## Task objective
Transcribe the records below exactly, from their first line through the line containing "Vogtländisches Baumseminar". Omit every line after it.

Data records:
────────────────────

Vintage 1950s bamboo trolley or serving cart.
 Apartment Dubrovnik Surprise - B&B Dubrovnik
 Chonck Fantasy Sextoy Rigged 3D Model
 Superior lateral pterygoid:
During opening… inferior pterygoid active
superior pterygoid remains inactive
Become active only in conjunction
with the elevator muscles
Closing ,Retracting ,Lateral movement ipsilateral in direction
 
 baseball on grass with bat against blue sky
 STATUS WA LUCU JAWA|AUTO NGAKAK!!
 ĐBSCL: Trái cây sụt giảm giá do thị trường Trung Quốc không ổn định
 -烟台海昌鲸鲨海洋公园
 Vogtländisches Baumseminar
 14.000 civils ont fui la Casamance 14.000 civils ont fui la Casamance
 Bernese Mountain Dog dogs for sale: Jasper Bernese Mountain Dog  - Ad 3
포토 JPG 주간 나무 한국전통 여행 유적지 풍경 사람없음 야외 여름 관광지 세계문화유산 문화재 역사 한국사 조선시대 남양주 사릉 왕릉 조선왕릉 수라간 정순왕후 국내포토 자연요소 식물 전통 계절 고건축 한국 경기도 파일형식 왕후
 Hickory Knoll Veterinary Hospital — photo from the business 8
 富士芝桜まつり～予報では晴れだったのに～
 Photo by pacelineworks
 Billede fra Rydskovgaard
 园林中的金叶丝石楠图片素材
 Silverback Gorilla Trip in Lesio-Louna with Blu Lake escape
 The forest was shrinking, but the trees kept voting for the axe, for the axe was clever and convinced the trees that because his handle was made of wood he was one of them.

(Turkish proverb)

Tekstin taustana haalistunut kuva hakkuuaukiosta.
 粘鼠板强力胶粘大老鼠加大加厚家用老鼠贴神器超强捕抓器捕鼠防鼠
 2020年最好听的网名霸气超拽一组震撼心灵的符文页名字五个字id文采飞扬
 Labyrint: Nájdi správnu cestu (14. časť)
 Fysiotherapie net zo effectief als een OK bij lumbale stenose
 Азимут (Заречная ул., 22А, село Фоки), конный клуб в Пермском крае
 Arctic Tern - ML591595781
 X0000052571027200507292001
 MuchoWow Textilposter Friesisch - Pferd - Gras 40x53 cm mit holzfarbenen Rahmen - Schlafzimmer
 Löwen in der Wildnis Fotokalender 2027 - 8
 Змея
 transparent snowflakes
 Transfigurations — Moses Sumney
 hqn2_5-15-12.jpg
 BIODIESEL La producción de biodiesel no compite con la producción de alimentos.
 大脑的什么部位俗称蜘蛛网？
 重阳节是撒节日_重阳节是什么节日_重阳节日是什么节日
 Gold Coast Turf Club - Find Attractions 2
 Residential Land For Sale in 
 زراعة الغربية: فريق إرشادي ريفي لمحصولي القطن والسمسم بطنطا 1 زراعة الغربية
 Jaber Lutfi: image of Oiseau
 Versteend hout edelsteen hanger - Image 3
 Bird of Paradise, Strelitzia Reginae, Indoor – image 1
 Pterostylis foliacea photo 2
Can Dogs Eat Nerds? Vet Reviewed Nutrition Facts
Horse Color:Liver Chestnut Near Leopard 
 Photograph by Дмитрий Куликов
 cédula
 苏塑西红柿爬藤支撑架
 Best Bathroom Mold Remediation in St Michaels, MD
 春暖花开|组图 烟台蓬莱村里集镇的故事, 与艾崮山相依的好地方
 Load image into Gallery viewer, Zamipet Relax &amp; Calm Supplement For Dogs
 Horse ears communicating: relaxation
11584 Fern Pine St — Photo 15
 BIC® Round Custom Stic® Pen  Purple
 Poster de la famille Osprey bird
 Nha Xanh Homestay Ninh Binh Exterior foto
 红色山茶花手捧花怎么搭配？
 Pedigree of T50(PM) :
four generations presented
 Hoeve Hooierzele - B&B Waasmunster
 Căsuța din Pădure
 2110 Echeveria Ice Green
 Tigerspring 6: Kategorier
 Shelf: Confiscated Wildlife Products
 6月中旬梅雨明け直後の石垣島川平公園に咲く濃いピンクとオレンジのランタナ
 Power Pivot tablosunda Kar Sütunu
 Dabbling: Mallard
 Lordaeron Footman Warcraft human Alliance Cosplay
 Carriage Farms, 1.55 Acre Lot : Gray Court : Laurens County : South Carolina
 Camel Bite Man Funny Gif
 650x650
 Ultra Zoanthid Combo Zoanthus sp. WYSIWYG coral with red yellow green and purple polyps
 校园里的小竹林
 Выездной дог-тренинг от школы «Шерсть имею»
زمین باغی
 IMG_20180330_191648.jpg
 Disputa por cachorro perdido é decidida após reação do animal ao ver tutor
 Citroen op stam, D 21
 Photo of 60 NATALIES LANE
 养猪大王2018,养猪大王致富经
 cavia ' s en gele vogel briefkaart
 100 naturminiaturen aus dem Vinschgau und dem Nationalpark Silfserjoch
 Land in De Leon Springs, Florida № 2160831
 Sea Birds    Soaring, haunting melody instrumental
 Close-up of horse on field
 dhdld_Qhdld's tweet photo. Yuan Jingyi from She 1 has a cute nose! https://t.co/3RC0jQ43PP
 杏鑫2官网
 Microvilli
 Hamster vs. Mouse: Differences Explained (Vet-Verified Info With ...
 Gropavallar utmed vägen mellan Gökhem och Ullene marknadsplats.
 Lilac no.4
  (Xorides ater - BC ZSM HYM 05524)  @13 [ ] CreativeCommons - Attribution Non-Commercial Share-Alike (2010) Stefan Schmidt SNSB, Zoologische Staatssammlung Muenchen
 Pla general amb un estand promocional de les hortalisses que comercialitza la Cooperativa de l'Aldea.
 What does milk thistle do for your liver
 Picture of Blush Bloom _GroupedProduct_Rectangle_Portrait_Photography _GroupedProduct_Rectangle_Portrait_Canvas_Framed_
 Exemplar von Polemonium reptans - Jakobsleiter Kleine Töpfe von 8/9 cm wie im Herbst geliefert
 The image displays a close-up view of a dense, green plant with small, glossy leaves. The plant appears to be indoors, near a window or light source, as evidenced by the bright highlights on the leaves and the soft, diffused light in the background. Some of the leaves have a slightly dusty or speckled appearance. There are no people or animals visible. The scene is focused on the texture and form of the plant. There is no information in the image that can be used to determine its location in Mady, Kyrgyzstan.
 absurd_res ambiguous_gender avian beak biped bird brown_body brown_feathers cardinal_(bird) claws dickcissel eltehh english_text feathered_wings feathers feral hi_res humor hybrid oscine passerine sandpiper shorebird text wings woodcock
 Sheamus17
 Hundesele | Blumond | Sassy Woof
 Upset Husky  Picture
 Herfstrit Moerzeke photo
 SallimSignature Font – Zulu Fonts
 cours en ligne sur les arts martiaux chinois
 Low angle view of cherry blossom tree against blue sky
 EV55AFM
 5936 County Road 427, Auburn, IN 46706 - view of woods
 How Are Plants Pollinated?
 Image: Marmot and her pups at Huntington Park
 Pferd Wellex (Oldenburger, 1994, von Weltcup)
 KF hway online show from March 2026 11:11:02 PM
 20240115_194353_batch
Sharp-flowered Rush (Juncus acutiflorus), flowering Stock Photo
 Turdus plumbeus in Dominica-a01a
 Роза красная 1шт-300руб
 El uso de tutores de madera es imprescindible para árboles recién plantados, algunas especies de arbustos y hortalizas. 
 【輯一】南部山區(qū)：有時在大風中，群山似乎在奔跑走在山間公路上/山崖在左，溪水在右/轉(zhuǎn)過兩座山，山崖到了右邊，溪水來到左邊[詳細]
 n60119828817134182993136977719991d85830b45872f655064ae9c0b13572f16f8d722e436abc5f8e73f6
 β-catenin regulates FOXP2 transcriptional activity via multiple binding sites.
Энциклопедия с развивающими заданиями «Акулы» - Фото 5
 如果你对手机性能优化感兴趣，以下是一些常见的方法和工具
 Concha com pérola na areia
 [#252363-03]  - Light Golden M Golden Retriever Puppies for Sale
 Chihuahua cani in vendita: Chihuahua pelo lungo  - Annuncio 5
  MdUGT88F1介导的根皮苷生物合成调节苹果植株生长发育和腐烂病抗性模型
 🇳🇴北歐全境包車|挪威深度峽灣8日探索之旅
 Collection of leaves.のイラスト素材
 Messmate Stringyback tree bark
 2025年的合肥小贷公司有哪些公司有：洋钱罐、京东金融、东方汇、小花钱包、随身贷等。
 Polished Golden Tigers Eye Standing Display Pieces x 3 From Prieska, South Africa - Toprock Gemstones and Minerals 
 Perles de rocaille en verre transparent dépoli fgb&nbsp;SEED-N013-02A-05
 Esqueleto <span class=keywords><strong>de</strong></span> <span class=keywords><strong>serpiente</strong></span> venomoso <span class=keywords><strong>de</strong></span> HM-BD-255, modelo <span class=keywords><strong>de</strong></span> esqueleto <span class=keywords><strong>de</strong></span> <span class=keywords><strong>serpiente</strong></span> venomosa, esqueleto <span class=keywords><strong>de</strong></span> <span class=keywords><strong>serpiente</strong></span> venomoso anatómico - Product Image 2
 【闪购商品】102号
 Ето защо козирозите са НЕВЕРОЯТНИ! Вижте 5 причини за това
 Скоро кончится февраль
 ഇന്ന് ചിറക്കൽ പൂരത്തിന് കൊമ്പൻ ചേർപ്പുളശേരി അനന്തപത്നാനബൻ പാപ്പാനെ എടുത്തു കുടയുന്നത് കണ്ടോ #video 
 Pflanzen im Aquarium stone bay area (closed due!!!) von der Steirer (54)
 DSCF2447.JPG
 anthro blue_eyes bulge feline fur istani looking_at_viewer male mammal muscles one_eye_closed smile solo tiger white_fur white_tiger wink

────────────────────

## Answer to this exercise
Vintage 1950s bamboo trolley or serving cart.
 Apartment Dubrovnik Surprise - B&B Dubrovnik
 Chonck Fantasy Sextoy Rigged 3D Model
 Superior lateral pterygoid:
During opening… inferior pterygoid active
superior pterygoid remains inactive
Become active only in conjunction
with the elevator muscles
Closing ,Retracting ,Lateral movement ipsilateral in direction
 
 baseball on grass with bat against blue sky
 STATUS WA LUCU JAWA|AUTO NGAKAK!!
 ĐBSCL: Trái cây sụt giảm giá do thị trường Trung Quốc không ổn định
 -烟台海昌鲸鲨海洋公园
 Vogtländisches Baumseminar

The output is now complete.